WE WILL AMEND AND COMPLETE THE INFORMATION IN
THIS PROSPECTUS. ALTHOUGH WE ARE PERMITTED BY
US FEDERAL SECURITIES LAW TO OFFER THESE
SECURITIES USING THIS PROSPECTUS, WE MAY NOT
SELL THEM OR ACCEPT YOUR OFFER TO BUY THEM
UNTIL THE DOCUMENTATION FILED WITH THE SEC
RELATING TO THESE SECURITIES HAS BEEN
DECLARED EFFECTIVE BY THE SEC. THIS
PROSPECTUS IS NOT AN OFFER TO SELL THESE
SECURITIES OR OUR SOLICITATION OF YOUR OFFER
TO BUY THESE SECURITIES IN ANY JURISDICTION
WHERE THAT WOULD NOT BE PERMITTED OR LEGAL.





SUBJECT TO COMPLETION B

                   Prospectus
                February 22, 2000


                XUNANTUNICH INC.
               21112 123rd Avenue
         Maple ridge, BC V2X 4B4 Canada

        1,510,000 Shares of Common Stock
to be sold by the registrant as issuer and
current shareholders

This is the initial public offering of common
stock of XUNANTUNICH INC. Inc. and no public
market currently exists for shares of XUNANTUNICH
INC. Inc common stock.
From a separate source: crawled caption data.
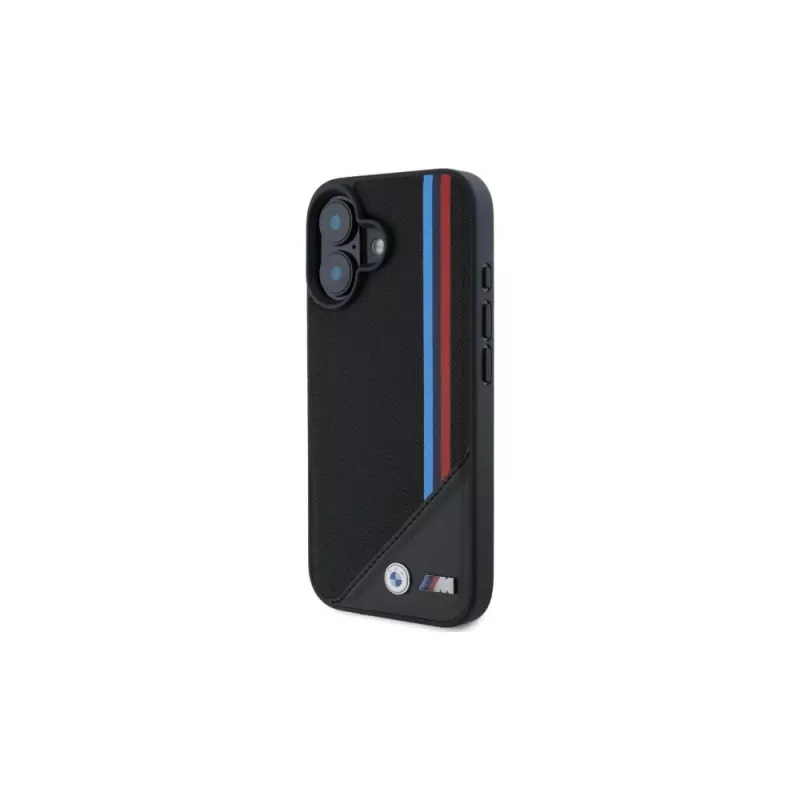 BMW M Meshed Tricolor Stripes MagSafe Hard Case für iPhone 16 6,1 Zoll Schwarz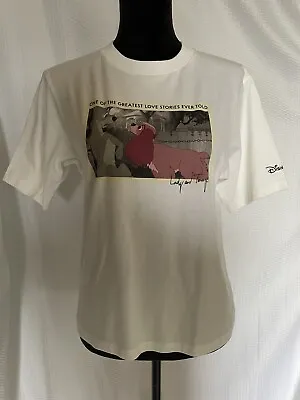 Buy Disney Lady And The Tramp White Graphic Tee T-shirt Size Small • 11.37£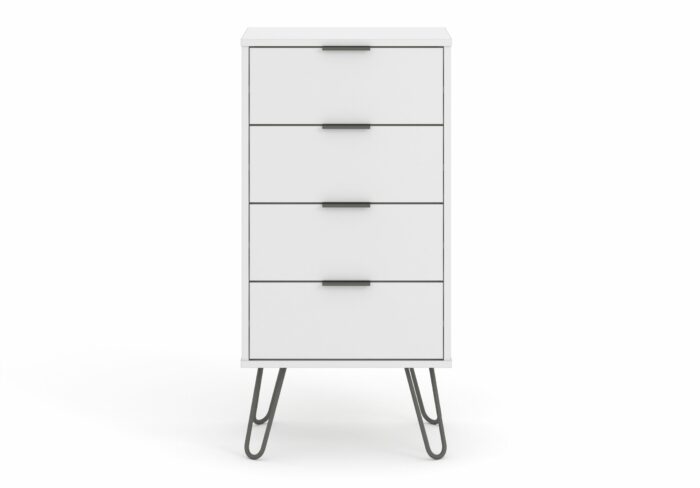 Core Augusta 4 drawer narrow chest of drawers in white-23898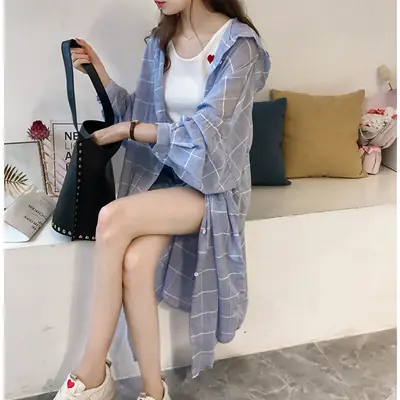 Women Korean Style Plaid Shirt Mid Length Loose Autumn Wear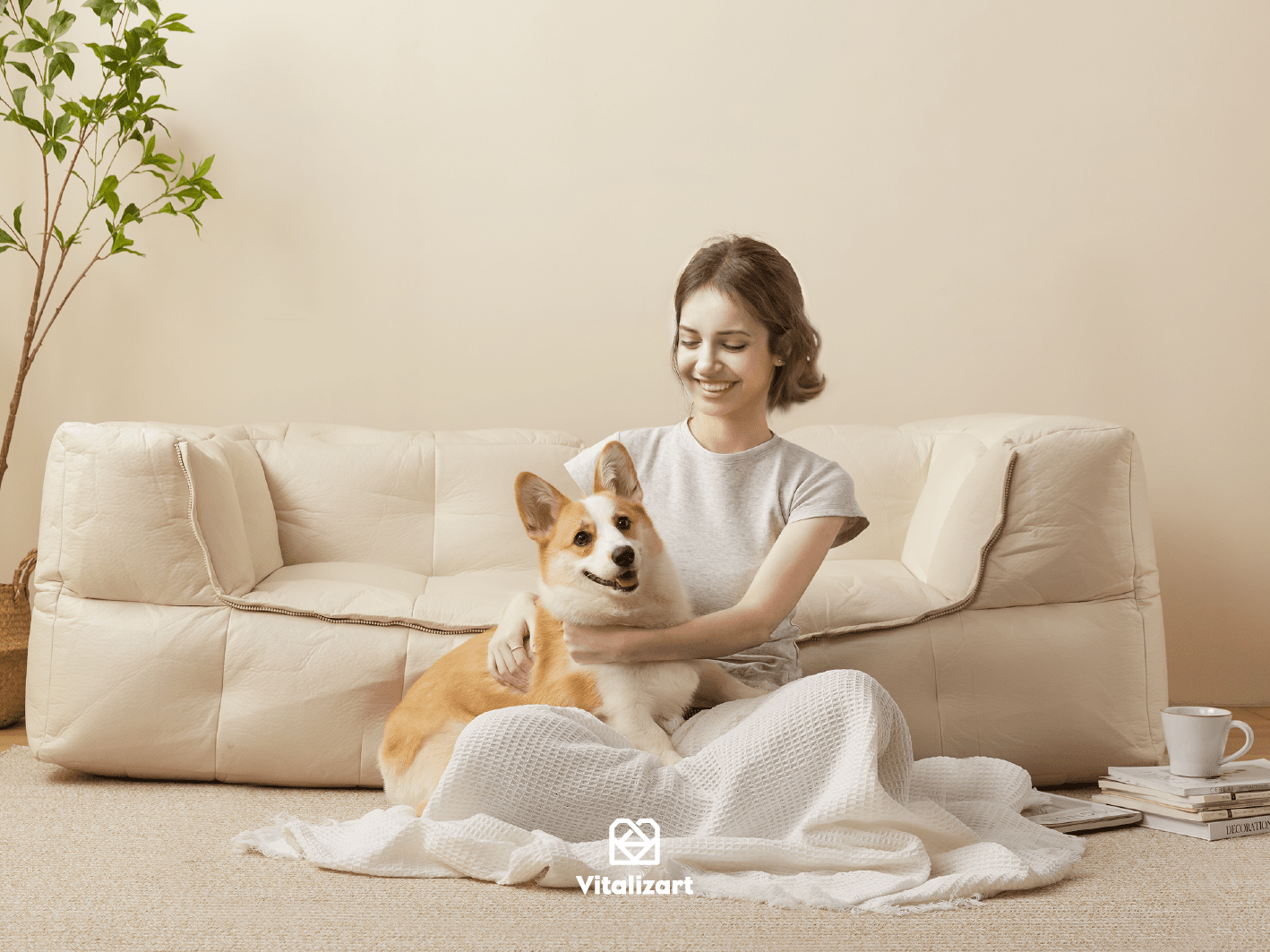 Lightweight Throw Blanket 50" x 60" (White) - Vitalizart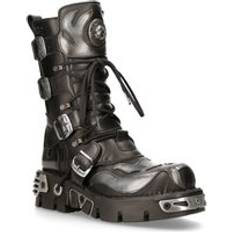 New Rock Shoes New Rock 107-S2 Black/Silver Gothic Leather Boots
Only a portion of the
proceeds from the sale of stock in this offering
will be available to XUNANTUNICH INC. Inc.  This
prospectus is part of a registration statement
that permits selling shareholders to sell their
shares on a continuous or delayed basis in the
future and permits XUNANTUNICH INC. Inc. to offer
for sale up to two million shares of its common
stock on a "self-underwritten" best efforts
basis.  The most recent sale of XUNANTUNICH INC.
Inc. common stock in October, 1999 at a price of
$0.001 per share.

This is a self-underwritten offering, and
XUNANTUNICH INC..
stock is not listed on any national securities
exchange or the NASDQ Stock Market.

THIS INVESTMENT INVOLVES A HIGH DEGREE OF RISK.
SEE ARISK FACTORS@ BEGINNING ON PAGE 1.

Neither the SEC nor any state securities
commission has approved or disapproved of these
securities or passed upon the adequacy or
accuracy of this prospectus. Nor have they made,
nor will they make, any determination as to
whether anyone should buy these securities. Any
representation to the contrary is a criminal
offense.
PART I


     SUMMARY INFORMATION AND RISK FACTORS.


Description of Business

XUNANTUNICH INC. was incorporated under the laws
of the State of Nevada on April 2, 1999, and is
in the early developmental and promotional
stages.  To date, XUNANTUNICH INC. only
activities have been organizational, directed at
acquiring its principal asset, raising its
initial capital and developing its business plan.
XUNANTUNICH INC. has not commenced commercial
operations.  XUNANTUNICH INC. has no full time
employees and owns no real estate.

On April 5, 1999 XUNANTUNICH INC.  acquired from
David R. Mortenson & Associates of Alvin, Texas,
the rights to distribute and produce, in the
states of Arizona and Nevada, an oxygen enriched
water product for fish farming, aquaculture,
mariculture, the husbandry of poultry, and for
remediating animal waste from dairies, feedlots
of all kinds, and for other similar uses.
Mortenson acquired these rights from the
inventors of the product, N. W. Technologies,
Inc. under a distribution agreement.
Subsequently, the underlying contract granting
David R. Mortenson & Associates rights to the
technology came into dispute.

While not in any way desiring to withdraw or void
the above-mentioned assignment, David R.
Mortenson & Associates has agreed to grant
additional rights to XUNANTUNICH INC..  These
rights will enable XUNANTUNICH INC. to develop
and implement a business plan.

David R. Mortenson and Associates is the holder
of certain rights, obtained from
Vitamineralherb.com Corp. (Vita), to an Internet
system for the marketing of vitamins, minerals
nutritional supplements and other health and
fitness products.  DRM has granted XUNANTUNICH
INC. the exclusive rights to market all Vita
products to various health and fitness
practitioners for the Province of Alberta,
Canada.

Background

In recent years, the concept of a "virtual store"
has been realized with giants such as Amazon.com
and others.  These virtual stores allow the
freedom to shop at home, remain anonymous, enjoy
complete privacy, and have goods delivered to
your home or business with a minimum of effort
and a maximum of convenience.   Many individuals
and other concerns have the desire to establish a
virtual store but lack the knowledge, training
and significant funding needed.
Vitamineralherb.com Corp., through its licensing
and sub-licensing agreements has established a
virtual store that is designed to be operated by
those individuals and other concerns, mentioned
above.  In addition to marketing to its home
territory of California, will offer territories
for their concept to others in a turnkey package.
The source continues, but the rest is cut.